Risks and uncertainties that could cause our actual results to differ from those expressed or implied by forward-looking statements, include those set forth in the risk factor section of the annual report on Form 10-K we filed on March 26, 2010.
In addition, our comments may contain certain non-GAAP financial measures including non-GAAP operating loss per share. For additional information, including the reconciliation for GAAP results to non-GAAP measures, how the non-GAAP measures provide useful information and why we use non-GAAP measures, please see the reconciliation section of our press release, which appears on our website at www.wirelessronin.com.
Now, I’d like to turn the call over to Jim.
Thanks, Erin, and good afternoon everyone. Thank you for joining us on today’s call to discuss Wireless Ronin’s 2010 second quarter results. As I indicated, on the first quarter earnings call, Scott Koller was promoted to President and Chief Operating Officer.
During the time that he had spent in this role, I have become increasingly confident and his ability to take this company to the next level. The strength of Wireless Ronin continues to grow and much of the strength has happened under the direction of Scott and Darin McAreavey. Their team has put great effort and to improving the business model.
I would like to highlight a few key points from the second quarter of 2010, which took place under the direction of Scott and his team to illustrate why I have such confidence in him, the team and the direction of the company.
Wireless Ronin has clearly demonstrated the capacity for delivering on key financial performance metrics over the past quarter. First, we have recorded the highest level of revenue since the fourth quarter of 2008. Revenues almost doubled year-over-year and increased 78% on a quarter-over-quarter basis. Our gross margin dollars increased fourfold year-over-year and gross margin on a percentage basis continue to improve for the eighth consecutive quarter reaching 48%.

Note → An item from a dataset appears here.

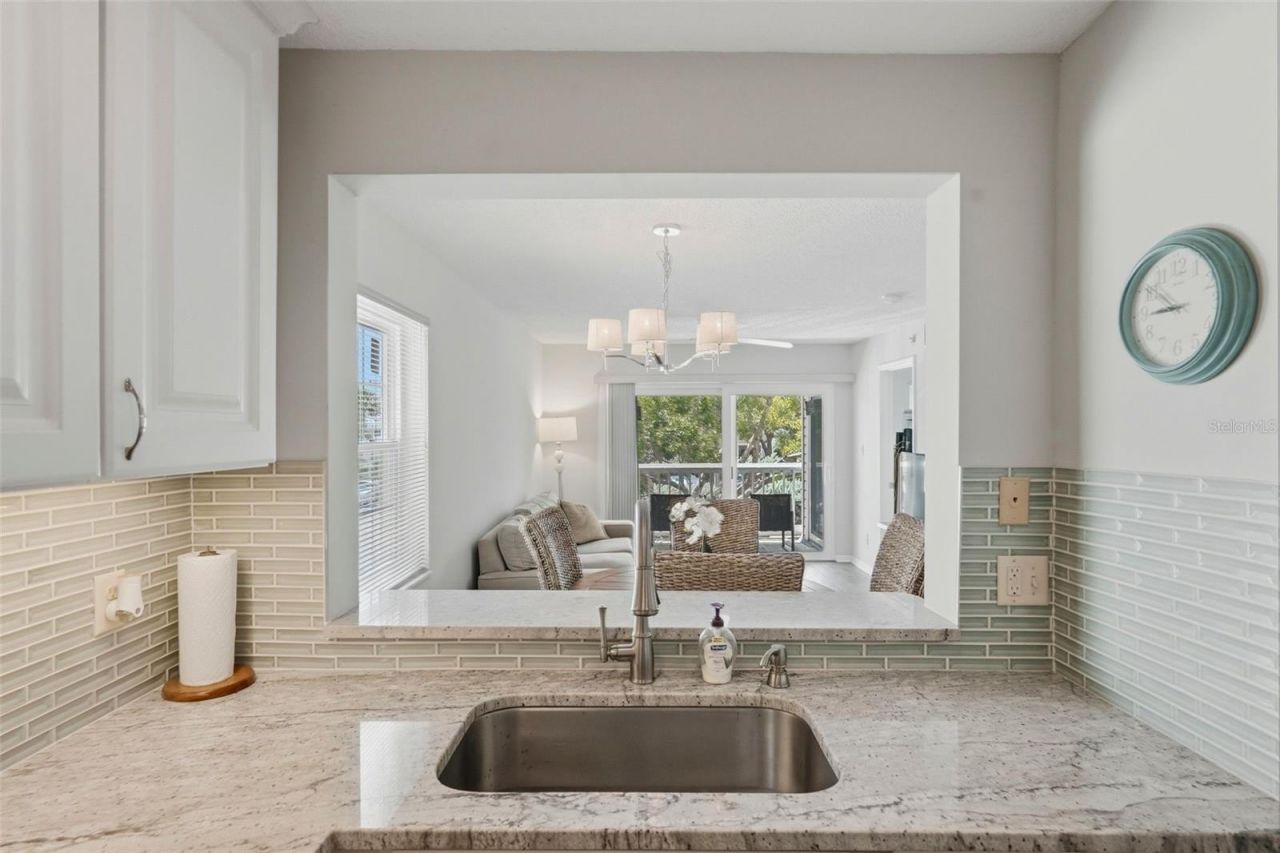 6817 Stones Throw Circle N, Unit 17208, Saint Petersburg, FL 33710 Photo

Secondly, WRT is on track to provide a breakeven business model if the company achieves quarterly revenues of approximately $3.8 million. Scott and Darin along with the rest of the management team, have been successfully executing against an ongoing cost optimization plan to position WRT for a future non-GAAP EBITDA breakeven quarter.
And thirdly, as the press release has outlined, our digital signage products and services are being widely deployed across our key vertical markets of food service, automotive and branded retail. In addition, we continue to focus on operational improvements including high availability, scalability, and software quality. Now with real revenue momentum, we hope to illustrate the true scalability of the business for the second half of 2010 and beyond. We believe the concurrent growth of revenue and margins demonstrates that our business model works.
I would like now to turn the call over to Darin for an update on our financials for the second quarter of 2010.
Thanks, Jim, and good afternoon. We reported revenue of $1.9 million for the second quarter of 2010, a 99% increase from $1 million in the second quarter of 2009. As of June 30, 2010, WRT have received purchase orders totaling approximately $1.1 million for which it did not recognize revenue. The increase in our year-over-year revenue was primarily the result of revenue generated from four of the company’s marquee customers
Chrysler, Thomson Reuters, YUM! and ARAMARK.
In addition to working closely with Chrysler on multiple requests for additional enhancements to iShowroom, Chrysler is also looking ways to extend the platform as an effective launch tool for its new 2011 lineup this fall. We also experienced a favorable increase in sales to Thomson Reuters as it continues to expand its InfoPoint network and its most recently launched interactive application, Reuters Insider. Sales to Thomson Reuters during the three month period ending June 30, 2010, totaled approximately 400,000, up 126% when compared to the same period in the prior year.